Problem requirements -
Skip the images and restate every line of the records exactly.

---*---

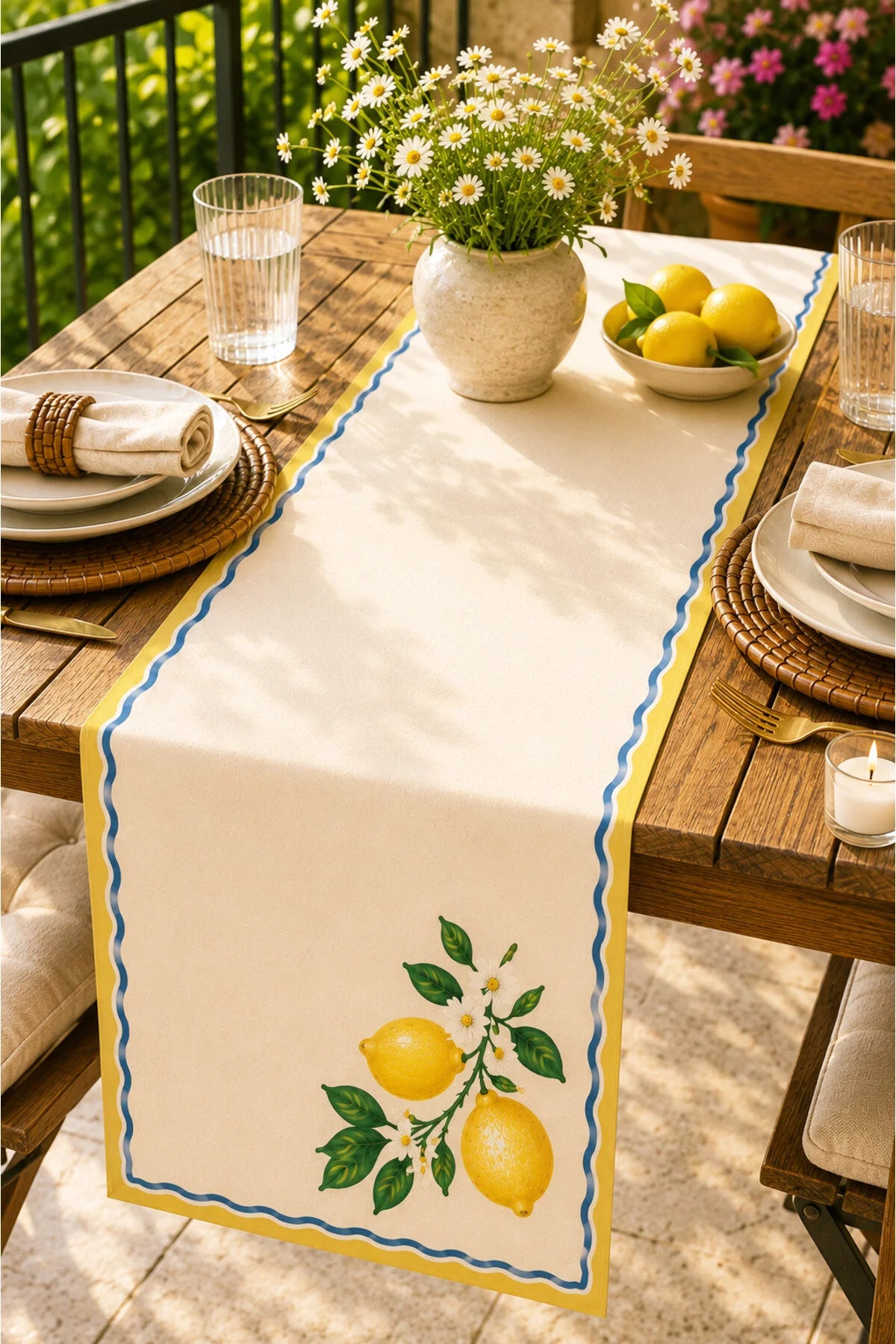 Ays Home Limon Demeti Dokuma Leke Tutmaz Runner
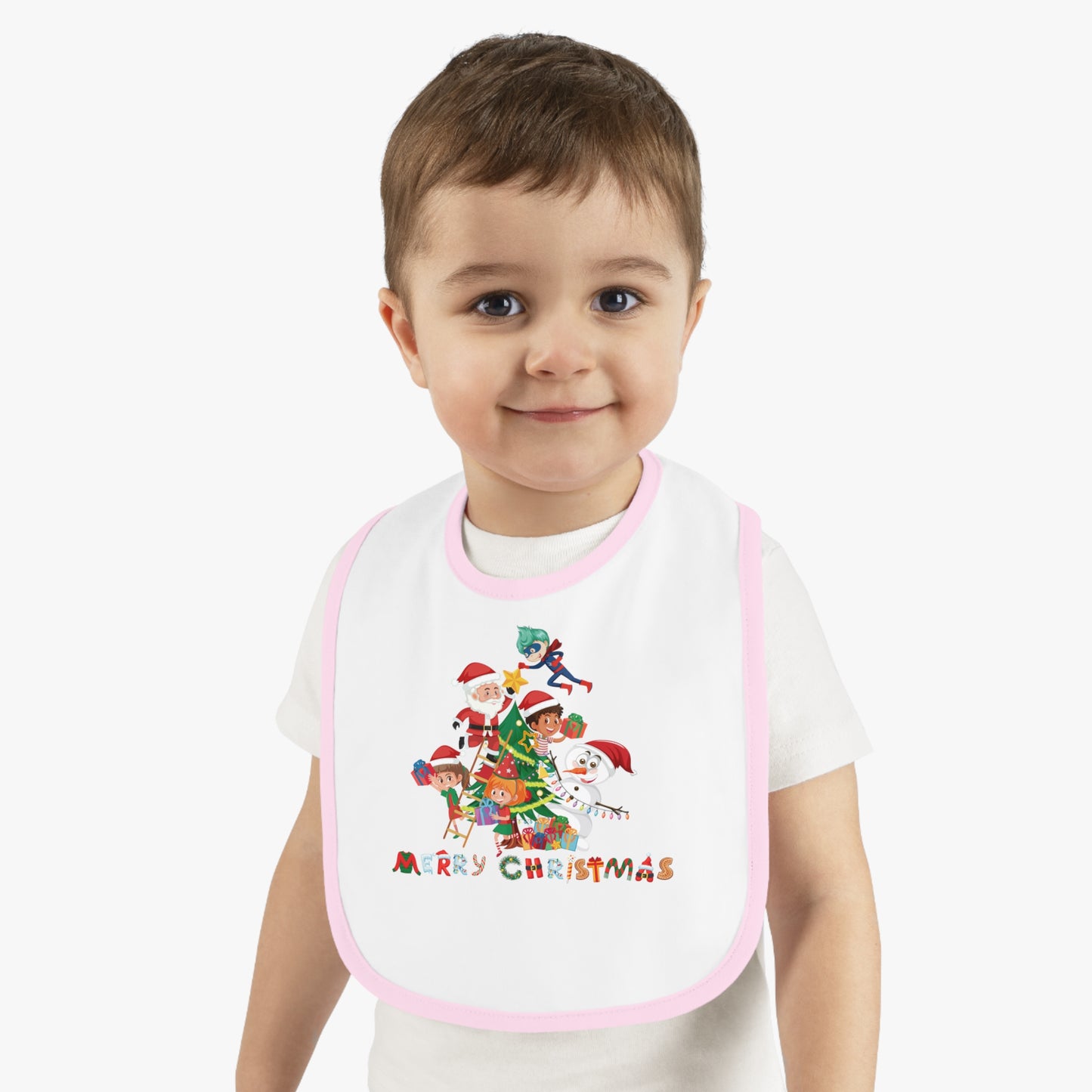 Baby Bib - Super kiddo making christmas tree with text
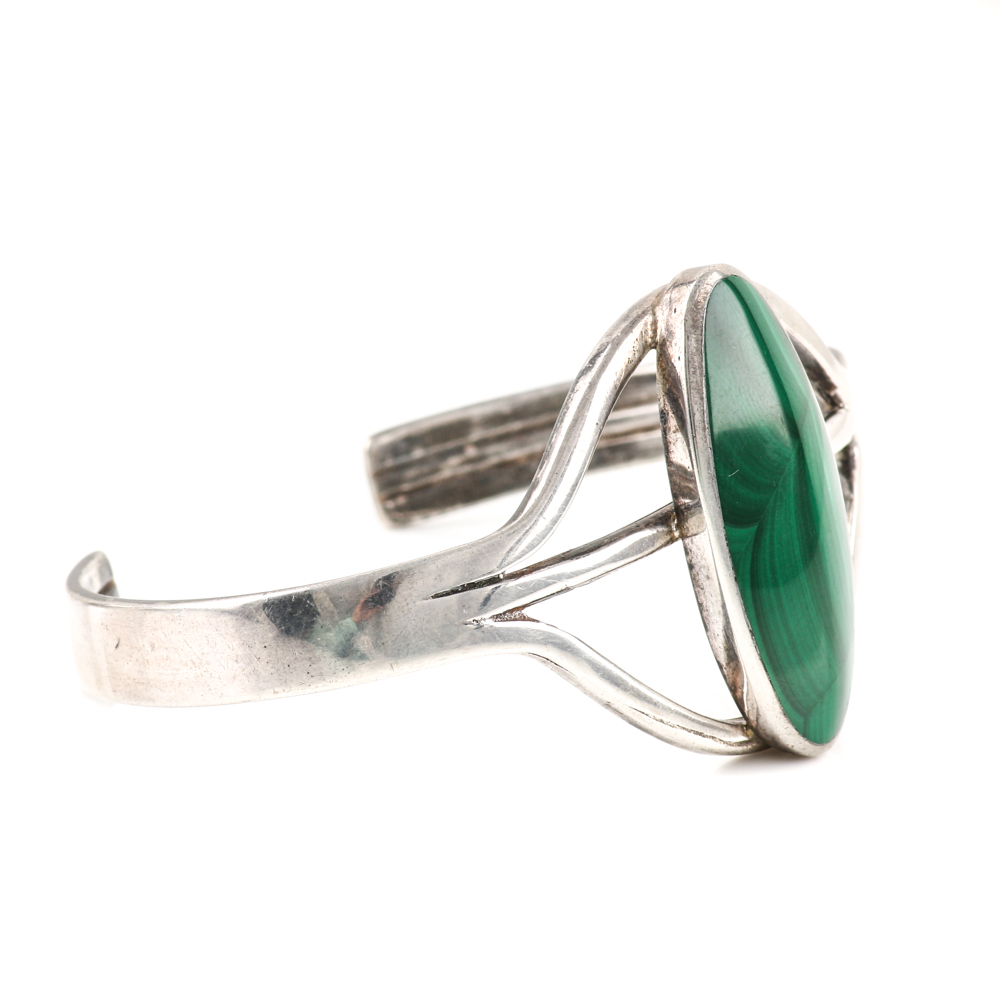 Sterling Silver Malachite Cuff Bracelet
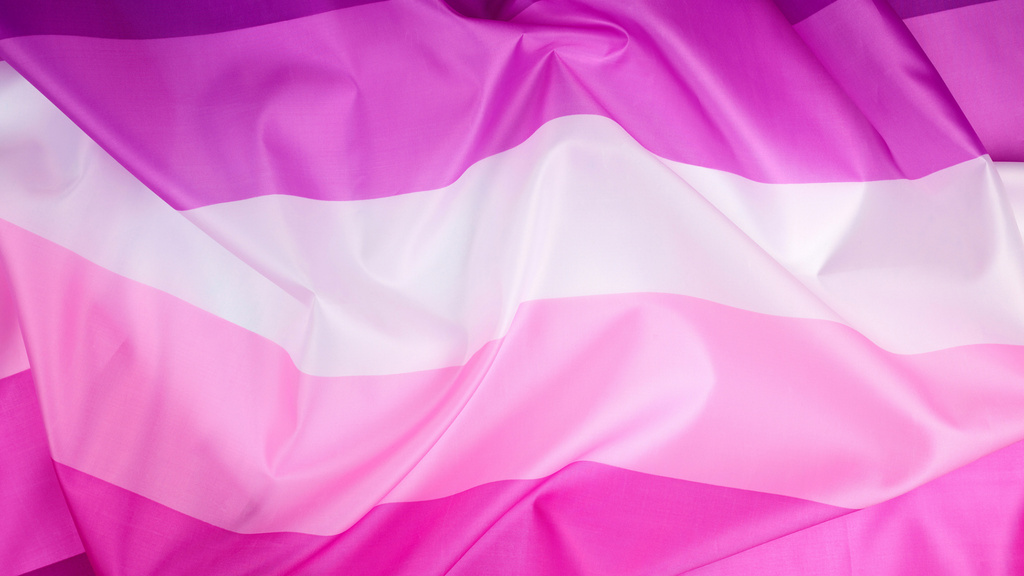 Ontwerpsjabloon van Zoom Background van Waving Silk Lesbian Flag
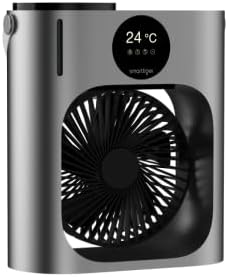  Climatiseur Mobile Silencieux, Rafraîchisseur D'Air Portable 900ml, 3 Vitesses, 7 LED Couleur,USB Mini Ventilateur Portable Brumisateur Pour Bureau Et Chambre (Noir)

---*---

Response area -
 Ays Home Limon Demeti Dokuma Leke Tutmaz Runner
 Baby Bib - Super kiddo making christmas tree with text
 Sterling Silver Malachite Cuff Bracelet
 Ontwerpsjabloon van Zoom Background van Waving Silk Lesbian Flag
  Climatiseur Mobile Silencieux, Rafraîchisseur D'Air Portable 900ml, 3 Vitesses, 7 LED Couleur,USB Mini Ventilateur Portable Brumisateur Pour Bureau Et Chambre (Noir)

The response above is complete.